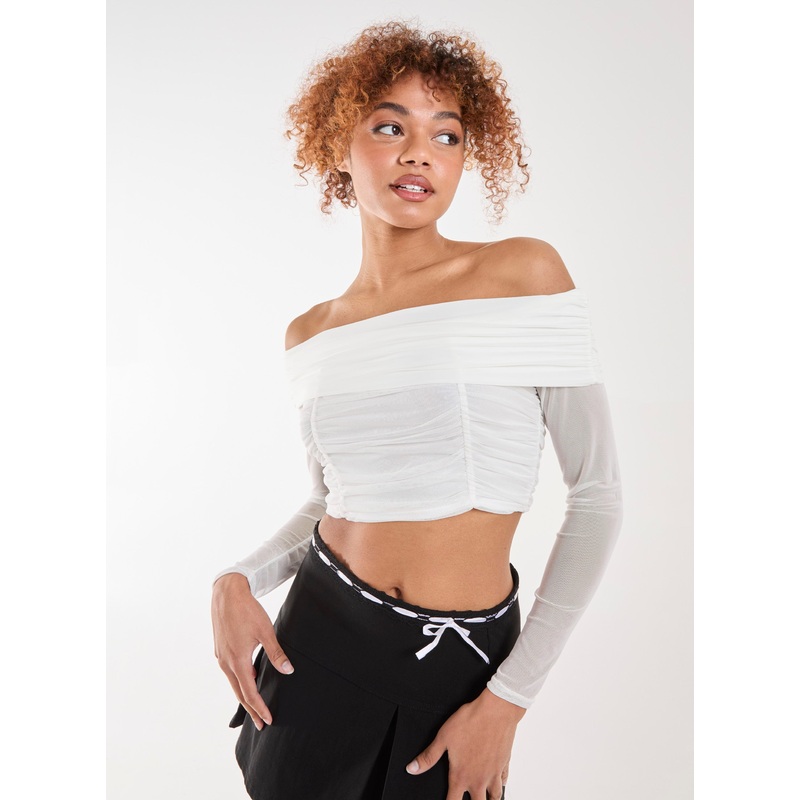 Bardot Mesh Long Sleeve Top-S & M & L-IVORY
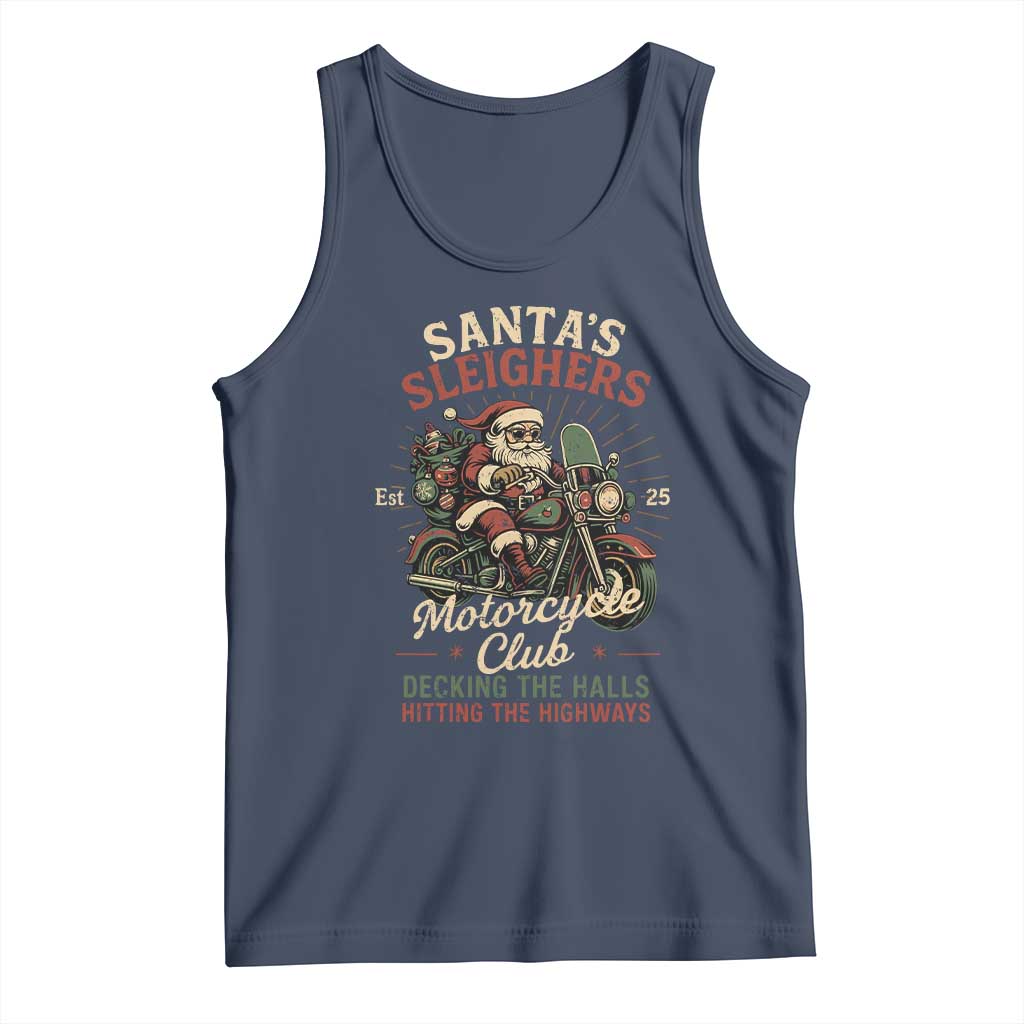 Funny Christmas Motorcycle Biker Tank Top Santas Sleighers Motorcycle Club Decking The Halls - Wonder Print Shop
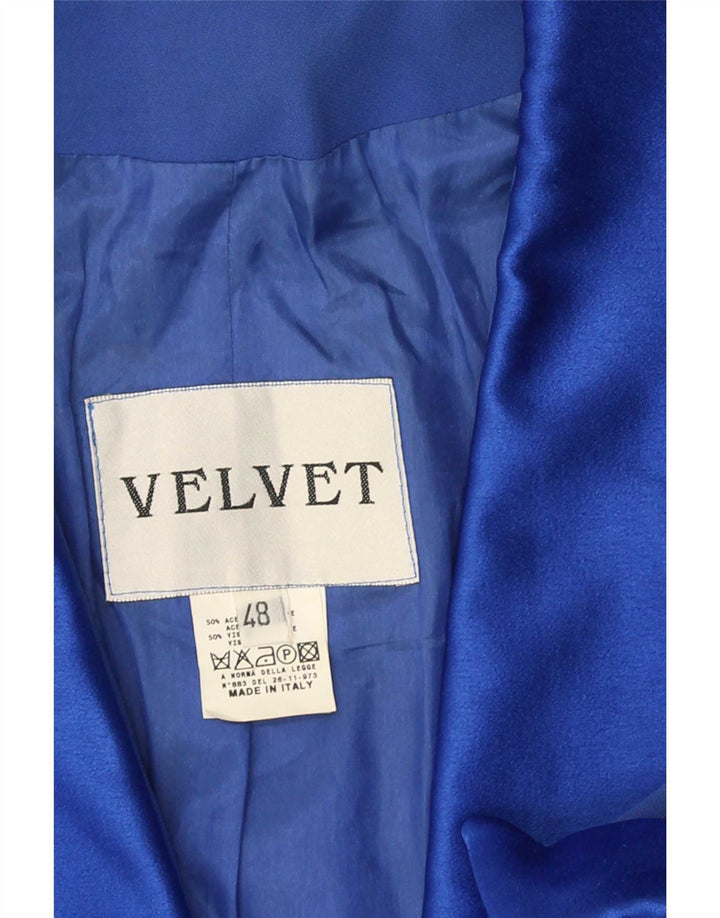 Chaqueta Blazer De Terciopelo Para Mujer De Manga Corta Con 1 Botón IT 48 XL Acetato Azul
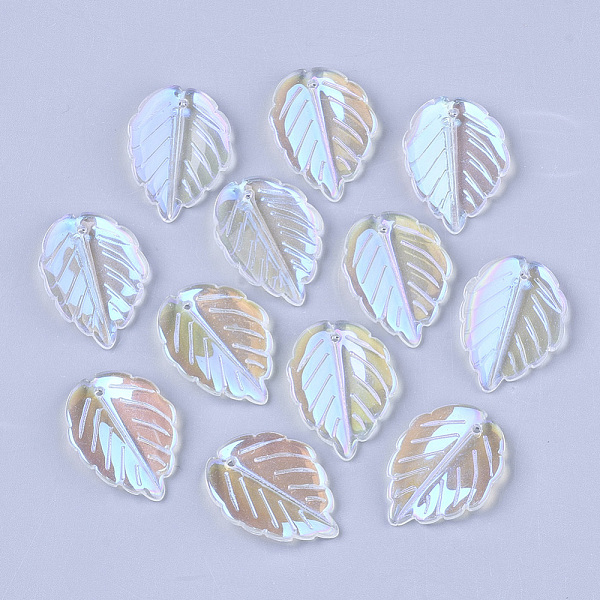 

PandaHall Transparent Glass Pendants, AB Color Plated, Leaf, Clear AB, 23.5x17x4.5mm, Hole: 1.2mm Glass Leaf White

What to do:
Set down exactly, from the line that contains "Funny Christmas Motorcycle" through the last line of the data, each line as it stands, and leave the pictures out.

Exercise output:
 Funny Christmas Motorcycle Biker Tank Top Santas Sleighers Motorcycle Club Decking The Halls - Wonder Print Shop
 Chaqueta Blazer De Terciopelo Para Mujer De Manga Corta Con 1 Botón IT 48 XL Acetato Azul

PandaHall Transparent Glass Pendants, AB Color Plated, Leaf, Clear AB, 23.5x17x4.5mm, Hole: 1.2mm Glass Leaf White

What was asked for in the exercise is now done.